Last year Tennessee provided its first CCSS based prompt. Students compared two pieces of nonfiction text. My preparation was minimal as that was the kind of writing they had done most of the year. They did quite well for a first attempt at this kind of writing assessment.

This year the assessment will be more rigorous. Students will have to write two essays. The first will be an analytical summary of a text and then some type of expository or argument prompt that analyzes the first text with a second text. Preparing students for a two-hour assessment is something to ponder.

Although, my students have been composing text-dependent writings all year I believe they needs some instruction on how to be successful on this assessment. Based on some suggestions from a fellow teacher who also happens to be my daughter, I am going to begin with these activities.

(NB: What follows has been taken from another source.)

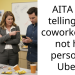 AITA for telling my coworker I’m not his personal Uber?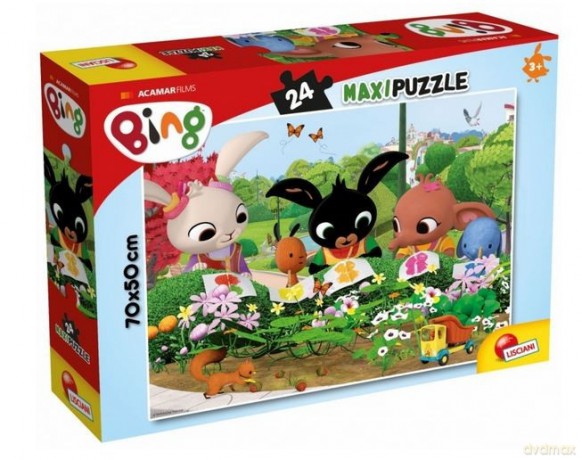 Puzzle Bing 24 elementy Podziwiajmy naturę [PUZZLE]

a. I have divided the rubric for the assessment into its sixteen parts. Students will be given one part and asked to find the three other sections that match their category and share out their observations.

b. Students will conduct a close reading of the language of the rubric, annotate unfamiliar words, locate the definitions of those words, and then paraphrase so that they understand better what is expected of them.

c. Students will conduct a close reading of a sample prompt and directions for writing an analytical summary, annotating for key ideas. I will ask several text-dependent questions so assess understanding.

What is the difference between a summary and an analytical summary?

What are central ideas?

What practices will prevent an adequate score?

What is the best way to cite the text?

d. Students will assess an exemplar of an analytical summary using the TCAP Writing rubric.

e. Students will write an analytical summary on how to write an analytical summary.


Of course these are just plans. I look forward to how it plays out.